Philosopher Thomas Nagel once famously asked, “What is it like to be a bat?” His point was to illustrate the ineffable, inaccessible alienness of other beings’ experience. I couldn’t help but think of it while watching filmmaker/designer/researcher Timo Arnall‘s intriguing video sketch “Robot Readable World.” What is it like to be a box of processors attached to a camera? Something like this, maybe:
Arnall is a creative director at Berg, so it’s not surprising that he’s interested in exploring semi-philosophical questions about human-machine interfaces, artificial intelligence, and networked perception. Nor is it surprising that he chose to do that exploration in a haunting piece of design fiction rather than a musty academic essay or by-the-numbers slide deck. What is surprising is how effective the film is at suggesting the “secret lives” of sensors despite its almost complete lack of structure–it’s literally just a bunch of found footage strung end to end.
Or maybe there’s more structure there than meets the eye. “The process of gathering and selecting footage is an interesting R&D exercise, a kind of design and technology research,” Arnall tells Co.Design. “Cutting it all together then reveals new meanings that we didn’t see before. [William] Burroughs said, ‘Cut into the present and the future leaks out,’ and in this film we start to connect the dots, to imbue the squiggly shapes with some kind of agency and intelligence, almost certainly beyond what the actual footage represents as research. When set against the broody–but purposefully quite neutral–soundtrack, we impose our own narratives onto the disparate scenes. This is a cinematic trick, a work of fiction, but one that reflects and resonates quite strongly across a lot of contemporary concerns.”
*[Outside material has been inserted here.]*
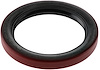 SEAL - OIL NAT#455355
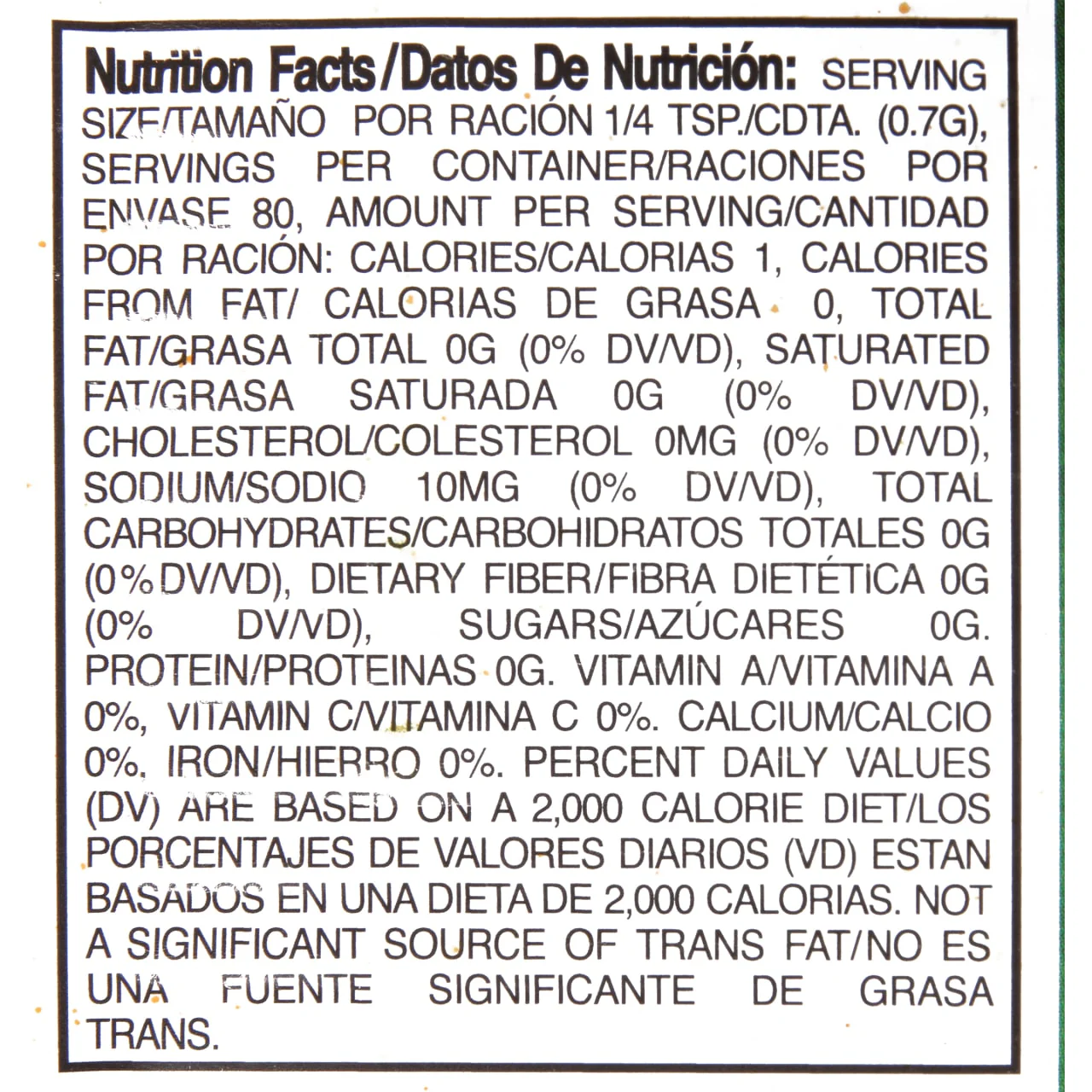 Product image 11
Indeed–“Robot Readable World” has already become a kind of visual synecdoche for the so-called New Aesthetic, an art movement (or is it just a Tumblr?) obsessed with how pixels unexpectedly (or totally expectedly?) rupture into the real world, and vice versa. The machines are watching us, and this is what we look like to them. Weird, huh?
But Arnall didn’t make the film to stir up a tempest of art-crit hoohahery. Like all of his work, it’s a pragmatic piece of design research, as well. “As designers of smart, connected products–something that preoccupies us at Berg–we need to be concerned with machines’ interpretation of the human world,” he says. “What we get from looking at the visual output of computer vision research is a glimpse of the complex systems and algorithms at work, a sense of the ‘grain’ in the material. That is useful to us as designers.”
Ghost in the machine or not, “Robot Readable World” does call attention to the simply remarkable fact that there are now inanimate objects surrounding us that are cognizing the world without our help. These computer-vision systems are Chinese Rooms–lights are on, nobody’s home–but no one needs to be home. That’s what makes Arnall’s film so seductive and unsettling: The colored lines and hovering boxes are there for our benefit as we peer, “Being John Malkovich”-like, through these machines’ eyes. But the machines themselves don’t need them.
So does “Robot Readable World” foretell the inevitable robot uprising? No. If anything, it hints at something much weirder. Robots of the future won’t require interfaces for us to merely control them; they’ll require interfaces for us to understand them.